(Beginning of Given entries)

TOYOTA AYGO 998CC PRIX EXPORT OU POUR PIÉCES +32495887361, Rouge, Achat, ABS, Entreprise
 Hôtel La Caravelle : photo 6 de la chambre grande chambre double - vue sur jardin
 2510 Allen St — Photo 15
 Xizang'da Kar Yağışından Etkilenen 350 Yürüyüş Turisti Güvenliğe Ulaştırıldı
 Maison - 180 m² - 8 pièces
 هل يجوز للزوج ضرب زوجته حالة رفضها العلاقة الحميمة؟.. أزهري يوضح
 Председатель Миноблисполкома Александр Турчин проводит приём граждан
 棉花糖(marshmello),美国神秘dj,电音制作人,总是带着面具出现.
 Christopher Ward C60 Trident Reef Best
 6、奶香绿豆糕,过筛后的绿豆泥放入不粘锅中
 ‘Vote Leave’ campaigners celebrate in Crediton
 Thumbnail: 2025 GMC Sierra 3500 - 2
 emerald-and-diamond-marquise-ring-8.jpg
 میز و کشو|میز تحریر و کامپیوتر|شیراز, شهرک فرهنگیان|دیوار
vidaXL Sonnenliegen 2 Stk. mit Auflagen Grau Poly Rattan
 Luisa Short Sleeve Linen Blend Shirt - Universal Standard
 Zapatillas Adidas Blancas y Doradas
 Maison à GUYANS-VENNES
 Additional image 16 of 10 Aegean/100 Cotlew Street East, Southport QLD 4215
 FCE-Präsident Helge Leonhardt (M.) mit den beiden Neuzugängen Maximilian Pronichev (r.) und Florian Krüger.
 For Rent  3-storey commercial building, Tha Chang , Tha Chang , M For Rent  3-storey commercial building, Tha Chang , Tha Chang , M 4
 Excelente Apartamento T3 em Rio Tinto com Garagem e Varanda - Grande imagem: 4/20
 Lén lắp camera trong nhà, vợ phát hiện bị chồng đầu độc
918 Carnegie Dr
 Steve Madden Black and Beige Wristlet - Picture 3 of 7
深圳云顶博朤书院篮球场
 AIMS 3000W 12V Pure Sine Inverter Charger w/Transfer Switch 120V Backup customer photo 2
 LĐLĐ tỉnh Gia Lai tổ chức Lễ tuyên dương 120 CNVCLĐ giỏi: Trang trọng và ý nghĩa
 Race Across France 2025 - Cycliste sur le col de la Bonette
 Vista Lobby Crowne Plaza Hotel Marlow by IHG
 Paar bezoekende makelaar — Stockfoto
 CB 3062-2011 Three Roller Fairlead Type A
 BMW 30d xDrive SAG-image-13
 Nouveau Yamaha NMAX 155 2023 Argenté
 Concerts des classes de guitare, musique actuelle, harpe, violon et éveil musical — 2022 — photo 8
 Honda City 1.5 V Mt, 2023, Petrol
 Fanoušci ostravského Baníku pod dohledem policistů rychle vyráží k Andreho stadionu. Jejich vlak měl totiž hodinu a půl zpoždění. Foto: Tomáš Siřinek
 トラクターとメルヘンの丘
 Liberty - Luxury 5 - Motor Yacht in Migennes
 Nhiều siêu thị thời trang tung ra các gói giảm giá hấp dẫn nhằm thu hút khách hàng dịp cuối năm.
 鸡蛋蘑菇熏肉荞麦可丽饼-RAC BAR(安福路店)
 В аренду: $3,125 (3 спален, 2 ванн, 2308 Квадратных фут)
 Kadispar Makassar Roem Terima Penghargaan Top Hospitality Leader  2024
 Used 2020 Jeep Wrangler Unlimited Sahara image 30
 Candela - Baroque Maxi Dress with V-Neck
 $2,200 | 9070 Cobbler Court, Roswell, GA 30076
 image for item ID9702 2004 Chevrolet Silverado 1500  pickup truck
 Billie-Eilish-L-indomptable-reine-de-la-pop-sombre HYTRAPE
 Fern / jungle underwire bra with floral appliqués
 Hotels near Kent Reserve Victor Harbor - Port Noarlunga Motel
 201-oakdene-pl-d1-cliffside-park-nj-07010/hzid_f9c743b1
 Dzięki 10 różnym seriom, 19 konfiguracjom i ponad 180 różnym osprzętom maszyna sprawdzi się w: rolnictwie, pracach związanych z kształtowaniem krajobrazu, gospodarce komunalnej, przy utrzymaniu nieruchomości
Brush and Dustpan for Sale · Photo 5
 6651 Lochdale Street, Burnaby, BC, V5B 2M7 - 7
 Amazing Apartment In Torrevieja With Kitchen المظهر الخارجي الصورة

(End of Given entries)

> [Instructions for the task]:
Copy each line of the data that includes the word "Street".

> [Expected answer]:
 Additional image 16 of 10 Aegean/100 Cotlew Street East, Southport QLD 4215
 6651 Lochdale Street, Burnaby, BC, V5B 2M7 - 7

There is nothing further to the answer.